> _What the task requires_: Set down, character for character, everything in the records below from the line holding "Neutonic energy drink" down to the line holding "Grande Tasse Motif", and no other line.

> _Input_:
********

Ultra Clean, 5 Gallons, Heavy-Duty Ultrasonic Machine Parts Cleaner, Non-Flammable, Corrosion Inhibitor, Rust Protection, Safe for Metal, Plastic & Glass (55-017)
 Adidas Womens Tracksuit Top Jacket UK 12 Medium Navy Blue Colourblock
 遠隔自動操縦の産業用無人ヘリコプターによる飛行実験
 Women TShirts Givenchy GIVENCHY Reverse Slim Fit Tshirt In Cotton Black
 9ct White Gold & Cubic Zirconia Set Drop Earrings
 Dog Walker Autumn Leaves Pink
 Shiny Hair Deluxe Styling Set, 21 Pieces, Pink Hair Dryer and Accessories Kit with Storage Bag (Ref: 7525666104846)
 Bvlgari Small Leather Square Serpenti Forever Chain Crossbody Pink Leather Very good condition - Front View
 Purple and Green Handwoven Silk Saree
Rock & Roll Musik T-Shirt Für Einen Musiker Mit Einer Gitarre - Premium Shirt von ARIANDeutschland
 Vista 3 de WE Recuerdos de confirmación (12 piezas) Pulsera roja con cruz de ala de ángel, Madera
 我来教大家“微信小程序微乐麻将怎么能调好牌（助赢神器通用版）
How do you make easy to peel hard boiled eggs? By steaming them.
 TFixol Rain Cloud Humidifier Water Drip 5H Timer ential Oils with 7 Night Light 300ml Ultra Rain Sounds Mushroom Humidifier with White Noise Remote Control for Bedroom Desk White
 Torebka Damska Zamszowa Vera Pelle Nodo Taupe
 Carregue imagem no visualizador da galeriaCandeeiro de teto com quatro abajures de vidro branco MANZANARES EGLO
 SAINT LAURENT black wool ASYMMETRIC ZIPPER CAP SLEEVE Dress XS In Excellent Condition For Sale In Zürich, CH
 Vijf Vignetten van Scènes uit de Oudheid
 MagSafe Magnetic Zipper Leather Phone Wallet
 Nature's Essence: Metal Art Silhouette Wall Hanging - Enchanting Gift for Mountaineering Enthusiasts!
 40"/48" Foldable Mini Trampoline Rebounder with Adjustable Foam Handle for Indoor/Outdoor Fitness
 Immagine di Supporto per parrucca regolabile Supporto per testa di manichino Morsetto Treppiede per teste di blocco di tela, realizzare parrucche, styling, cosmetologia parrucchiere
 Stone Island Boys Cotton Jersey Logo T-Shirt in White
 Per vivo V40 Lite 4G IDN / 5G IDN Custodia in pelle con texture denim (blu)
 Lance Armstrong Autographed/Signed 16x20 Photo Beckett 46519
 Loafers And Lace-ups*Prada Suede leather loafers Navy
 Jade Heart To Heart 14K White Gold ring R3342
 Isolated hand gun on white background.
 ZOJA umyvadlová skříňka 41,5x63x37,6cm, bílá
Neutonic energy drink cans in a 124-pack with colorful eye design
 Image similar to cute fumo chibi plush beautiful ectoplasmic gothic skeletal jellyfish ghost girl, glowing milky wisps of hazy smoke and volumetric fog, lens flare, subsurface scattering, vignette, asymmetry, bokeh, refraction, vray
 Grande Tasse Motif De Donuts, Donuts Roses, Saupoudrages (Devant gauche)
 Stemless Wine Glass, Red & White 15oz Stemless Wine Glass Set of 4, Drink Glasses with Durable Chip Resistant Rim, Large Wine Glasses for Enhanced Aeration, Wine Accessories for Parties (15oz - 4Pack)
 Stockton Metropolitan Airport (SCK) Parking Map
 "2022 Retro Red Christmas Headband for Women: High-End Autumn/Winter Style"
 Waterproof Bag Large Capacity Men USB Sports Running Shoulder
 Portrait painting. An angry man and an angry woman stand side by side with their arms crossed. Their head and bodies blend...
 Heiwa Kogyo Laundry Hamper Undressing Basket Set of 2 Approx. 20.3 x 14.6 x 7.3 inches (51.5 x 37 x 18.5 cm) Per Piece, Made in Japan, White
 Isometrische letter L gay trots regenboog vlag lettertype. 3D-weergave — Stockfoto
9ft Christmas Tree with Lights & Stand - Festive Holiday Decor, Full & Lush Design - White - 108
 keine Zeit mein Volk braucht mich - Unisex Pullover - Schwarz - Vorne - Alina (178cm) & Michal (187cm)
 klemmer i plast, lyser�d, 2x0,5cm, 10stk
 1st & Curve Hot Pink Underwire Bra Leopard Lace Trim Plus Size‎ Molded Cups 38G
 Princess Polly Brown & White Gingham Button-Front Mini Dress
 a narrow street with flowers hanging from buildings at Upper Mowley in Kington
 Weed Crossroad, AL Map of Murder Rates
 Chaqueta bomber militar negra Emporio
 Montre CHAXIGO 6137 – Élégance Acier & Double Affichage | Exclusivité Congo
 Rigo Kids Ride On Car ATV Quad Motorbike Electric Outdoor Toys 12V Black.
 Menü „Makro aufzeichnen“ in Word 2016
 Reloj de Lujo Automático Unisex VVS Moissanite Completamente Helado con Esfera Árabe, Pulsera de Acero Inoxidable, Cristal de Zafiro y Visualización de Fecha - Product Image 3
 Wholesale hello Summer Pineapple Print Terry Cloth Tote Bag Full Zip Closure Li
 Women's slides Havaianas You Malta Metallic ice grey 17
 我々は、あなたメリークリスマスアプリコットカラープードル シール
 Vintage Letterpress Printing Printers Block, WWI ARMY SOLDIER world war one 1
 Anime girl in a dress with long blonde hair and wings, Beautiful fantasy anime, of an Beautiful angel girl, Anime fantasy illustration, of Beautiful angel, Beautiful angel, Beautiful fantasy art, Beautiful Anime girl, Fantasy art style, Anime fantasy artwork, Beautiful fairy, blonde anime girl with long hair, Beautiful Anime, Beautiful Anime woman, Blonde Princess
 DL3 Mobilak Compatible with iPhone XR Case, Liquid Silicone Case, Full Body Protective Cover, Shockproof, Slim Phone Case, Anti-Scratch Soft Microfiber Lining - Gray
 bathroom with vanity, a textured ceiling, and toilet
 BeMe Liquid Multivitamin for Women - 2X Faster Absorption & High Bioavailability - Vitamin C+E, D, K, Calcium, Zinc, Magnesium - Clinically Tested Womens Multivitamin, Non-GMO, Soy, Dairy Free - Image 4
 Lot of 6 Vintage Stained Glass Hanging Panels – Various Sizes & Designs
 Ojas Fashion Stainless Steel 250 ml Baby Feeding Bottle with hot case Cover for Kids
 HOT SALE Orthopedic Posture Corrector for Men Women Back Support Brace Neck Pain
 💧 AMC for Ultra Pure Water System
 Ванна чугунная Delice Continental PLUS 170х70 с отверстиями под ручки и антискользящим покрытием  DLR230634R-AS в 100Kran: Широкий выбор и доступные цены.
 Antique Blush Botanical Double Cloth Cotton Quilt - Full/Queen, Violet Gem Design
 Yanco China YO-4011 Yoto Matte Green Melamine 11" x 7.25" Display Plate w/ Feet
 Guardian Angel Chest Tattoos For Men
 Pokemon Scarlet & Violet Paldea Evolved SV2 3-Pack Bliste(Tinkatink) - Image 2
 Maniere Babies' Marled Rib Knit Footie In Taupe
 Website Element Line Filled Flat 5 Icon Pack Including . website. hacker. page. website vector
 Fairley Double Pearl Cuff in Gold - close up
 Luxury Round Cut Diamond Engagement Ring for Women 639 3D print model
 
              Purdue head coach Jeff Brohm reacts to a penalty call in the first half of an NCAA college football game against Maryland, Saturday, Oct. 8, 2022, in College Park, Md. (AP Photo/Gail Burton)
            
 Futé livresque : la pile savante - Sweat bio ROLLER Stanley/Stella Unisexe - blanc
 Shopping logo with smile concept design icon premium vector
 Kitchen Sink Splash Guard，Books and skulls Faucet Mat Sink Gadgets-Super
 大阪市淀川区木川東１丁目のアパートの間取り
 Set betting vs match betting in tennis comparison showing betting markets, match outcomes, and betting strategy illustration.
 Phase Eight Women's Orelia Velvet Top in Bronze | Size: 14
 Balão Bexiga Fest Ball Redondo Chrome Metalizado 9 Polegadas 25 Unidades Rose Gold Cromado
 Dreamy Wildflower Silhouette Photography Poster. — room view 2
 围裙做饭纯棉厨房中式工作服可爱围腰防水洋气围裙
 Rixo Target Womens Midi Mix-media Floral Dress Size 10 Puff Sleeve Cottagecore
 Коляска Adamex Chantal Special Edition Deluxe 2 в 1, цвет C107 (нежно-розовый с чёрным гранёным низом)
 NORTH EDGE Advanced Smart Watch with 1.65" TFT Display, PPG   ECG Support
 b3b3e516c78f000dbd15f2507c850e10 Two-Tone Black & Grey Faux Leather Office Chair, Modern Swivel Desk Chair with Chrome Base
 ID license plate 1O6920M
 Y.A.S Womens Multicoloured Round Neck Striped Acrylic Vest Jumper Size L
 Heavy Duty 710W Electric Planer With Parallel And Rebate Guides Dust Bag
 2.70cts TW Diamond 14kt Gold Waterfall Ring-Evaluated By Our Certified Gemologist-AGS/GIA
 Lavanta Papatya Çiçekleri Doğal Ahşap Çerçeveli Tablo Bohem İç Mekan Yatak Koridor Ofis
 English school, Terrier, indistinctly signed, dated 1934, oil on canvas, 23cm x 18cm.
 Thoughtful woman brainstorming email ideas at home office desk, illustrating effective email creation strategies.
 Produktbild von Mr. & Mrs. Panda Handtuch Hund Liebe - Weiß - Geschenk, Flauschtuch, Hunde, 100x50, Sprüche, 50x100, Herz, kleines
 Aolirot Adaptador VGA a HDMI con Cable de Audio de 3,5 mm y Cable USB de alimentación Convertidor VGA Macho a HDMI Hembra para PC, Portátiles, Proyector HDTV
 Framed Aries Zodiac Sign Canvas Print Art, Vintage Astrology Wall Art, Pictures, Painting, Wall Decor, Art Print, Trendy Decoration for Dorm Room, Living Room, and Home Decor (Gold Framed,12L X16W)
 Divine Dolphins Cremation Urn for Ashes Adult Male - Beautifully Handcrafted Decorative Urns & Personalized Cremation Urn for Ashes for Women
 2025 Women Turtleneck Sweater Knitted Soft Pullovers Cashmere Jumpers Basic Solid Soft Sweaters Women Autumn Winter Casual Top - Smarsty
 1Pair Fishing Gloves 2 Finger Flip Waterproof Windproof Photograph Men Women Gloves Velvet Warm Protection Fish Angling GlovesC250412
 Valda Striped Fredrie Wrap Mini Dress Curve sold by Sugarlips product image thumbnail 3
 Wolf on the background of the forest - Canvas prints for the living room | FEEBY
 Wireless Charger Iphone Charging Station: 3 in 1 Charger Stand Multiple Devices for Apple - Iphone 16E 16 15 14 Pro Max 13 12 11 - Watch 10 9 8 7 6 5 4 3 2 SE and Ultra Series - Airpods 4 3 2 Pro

********

> _Worked solution_:
Neutonic energy drink cans in a 124-pack with colorful eye design
 Image similar to cute fumo chibi plush beautiful ectoplasmic gothic skeletal jellyfish ghost girl, glowing milky wisps of hazy smoke and volumetric fog, lens flare, subsurface scattering, vignette, asymmetry, bokeh, refraction, vray
 Grande Tasse Motif De Donuts, Donuts Roses, Saupoudrages (Devant gauche)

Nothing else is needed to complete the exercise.